La domination du tennis espagnol se poursuit
Une ascension remarquable
L’Espagne est de retour sous les projecteurs. Il y a un an, Rafael Jodar, une étoile montante de Madrid, était classé autour de la 700e place mondiale et terminait sa première année à l’Université de Virginie. Après avoir remporté plusieurs titres ATP Challenger, il a choisi de devenir professionnel, abandonnant son éligibilité universitaire restante. Il a réalisé sa première victoire au niveau ATP lors de l’Open d’Australie de cette année et apparaîtra de manière surprenante parmi les 32 têtes de série au prochain Roland-Garros.

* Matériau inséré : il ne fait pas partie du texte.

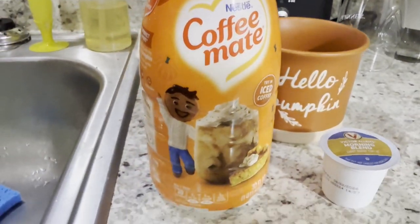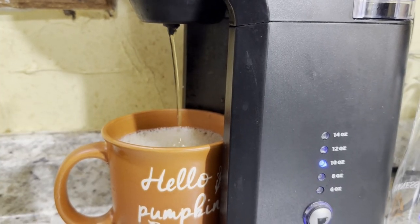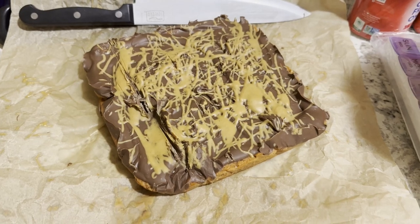Good morning and happy Thanksgiving! Welcome back to Planet J Judah. We are celebrating Thanksgiving here and I am up early. The ham has already been started and other things are going to be getting started. I'm going to get myself organized, have a cup of coffee, and check back in a little bit.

Nouveaux visages, nouvelles attentes
Surnommé le “nouveau Rafa”, Jodar, bien qu’inspiré par Rafael Nadal, porte le nom de son père et de son grand-père. Il a attiré l’attention habituellement réservée au Brésilien João Fonseca, qui a également choisi de devenir professionnel au lieu de remplir son engagement envers le tennis universitaire à Virginie. Ce changement soulève la question de savoir si leur équipe universitaire serait devenue l’une des meilleures de tous les temps.
Un héritage de succès
L’Espagne a connu plus de 30 ans de succès extraordinaire dans le tennis masculin, commençant par les titres consécutifs de Sergi Bruguera à Roland-Garros en 1993 et 1994. Cette époque a vu six joueurs espagnols remporter des titres du Grand Chelem, avec les 22 championnats majeurs de Rafael Nadal, autrefois considérés comme le sommet de cette domination. Pourtant, Carlos Alcaraz a rapidement suivi, remportant son premier titre majeur à l’US Open 2022, malgré une blessure au poignet qui le tient actuellement à l’écart des courts.
Contexte historique
La situation rappelle la prédominance de la Suède dans le sport durant les années 1970 et 80. Björn Borg, un joueur légendaire, a remporté 11 titres du Grand Chelem en peu de temps, suivi par Matz Wilander et Stefan Edberg, soulignant comment les influences culturelles ont reflété le succès sportif.
Évolution du tennis espagnol
Le style de jeu agressif de Jodar remet en question le stéréotype selon lequel les joueurs espagnols excellent uniquement sur terre battue. Nadal a triomphé à Wimbledon en 2008, et Alcaraz a prouvé qu’il était un joueur complet. La transformation a commencé au début des années 1970 lorsque le dictateur espagnol a ordonné la construction de nombreux courts en terre battue, établissant une base pour les joueurs futurs.
Entraînement et force mentale
Les techniques d’entraînement d’il y a 50 ans sont devenues des normes mondiales. Pato Alvarez et Lluis Bruguera ont été des figures clés dans la formation du tennis espagnol moderne, mettant l’accent sur le mouvement, la constance et la résilience mentale. Cette attention à surmonter l’adversité est une caractéristique des récents champions espagnols, car Nadal et Alcaraz ont tous deux exprimé l’importance de vivre et d’accepter la “souffrance” pendant les matchs.
L’avenir s’annonce radieux
Malgré l’efficacité du modèle de tennis espagnol, d’autres pays ont du mal à le reproduire. Certains, comme Andy Murray, ont bénéficié d’un entraînement en Espagne, mais il faut un talent et une attitude innés pour réussir. L’évolution même du sport favorise le style espagnol, menant à un solide vivier de talents émergents comme Jodar et Martín Landaluce, âgé de 20 ans.